От дружинников требовалось умение обращаться с оружием, являться по условному сигналу в пятиминутный срок (пункт 23), быть дисциплинированными. Покинуть дружину было не так просто, на это требовалось согласие районного совета, которому надо было изложить причины ухода. В уставе имелся раздел «О дисциплинарной части» с перечнем проступков, подлежащих дисциплинарному наказанию. Оно назначалось за нарушения устава, отказ исполнять распоряжения командира, растрату имущества дружины, разглашение ее секретов, за разгул и пьянство; ему подлежали «все шпионы, изменники и т. п.», а также «те, которые окажутся неисправными». На понятное недоумение, какие дисциплинарные наказания в принципе могли существовать в нелегальной организации, ответ находится в пункте 34, который гласит просто и ясно: «К казни приговаривает районный совет» (см. док. 13).

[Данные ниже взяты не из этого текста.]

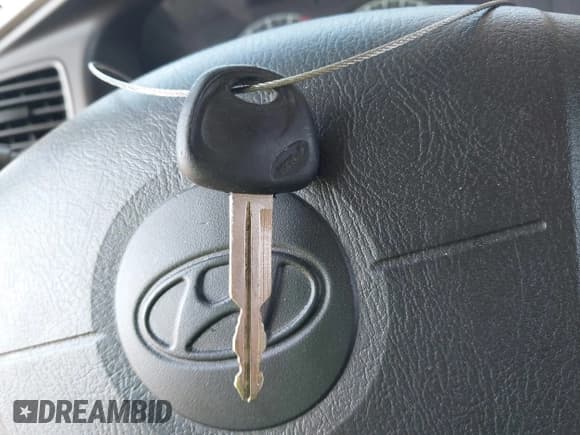 ✅ 2003 Hyundai Elantra GLS • VIN: KMHDN45D13U683213 • Lot: 42131348. Wystawiony na IAAI z przebiegiem 108 823 mil. Bezpłatny archiwum sprzedaży aukcyjnych z USA i szczegółowy raport historii pojazdu na DreamBid. Zdjęcie 11.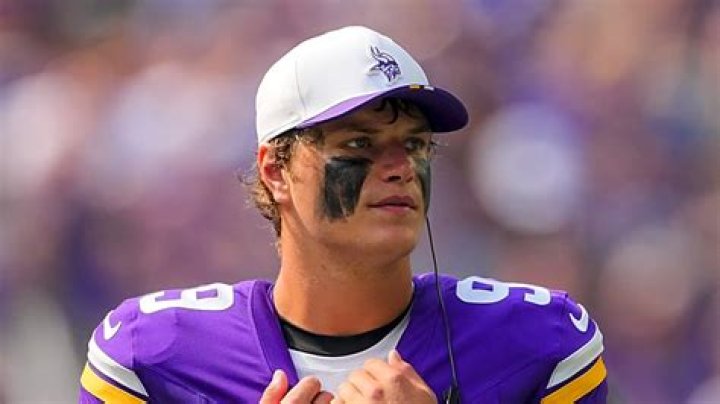 Kelly McCarthy Net Worth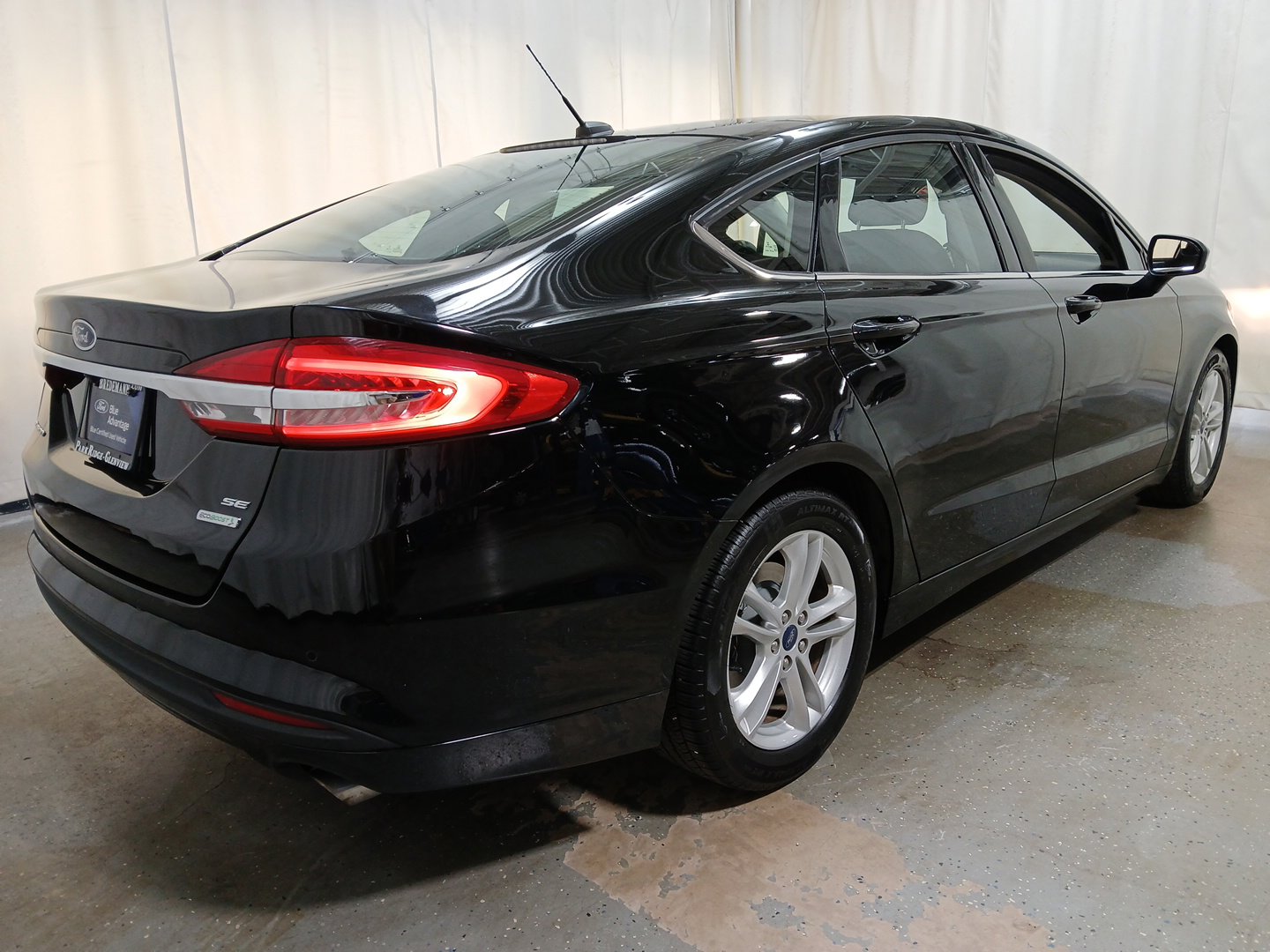 2018 Ford Fusion SE photo 4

Запрет на экспроприации не случайно был оговорен отдельным параграфом устава. Из всех разновидностей акций, подразумевавшихся резолюцией Лондонского съезда под «партизанскими выступлениями», только экспроприации были действительно всерьез воспрещены бакинской большевистской организацией. Для этого имелись веские причины. Чем больше революционеры погружались в террор и сомнительные махинации, чем тоньше становилась граница, отделяющая их от обыкновенных бандитов, тем больше они заботились о том, чтобы подчеркнуть наличие этой принципиальной разницы между собой, политическими, и обычными уголовными преступниками. Это требовалось не только ради репутации движения, но и в сугубо практических целях, особенно же важно было отстоять свой политический статус, оказавшись в тюрьме. Поэтому экспроприации как наиболее одиозные и откровенно грабительские акции попали под запрет в отличие от других, более изощренных способов пополнения партийных касс.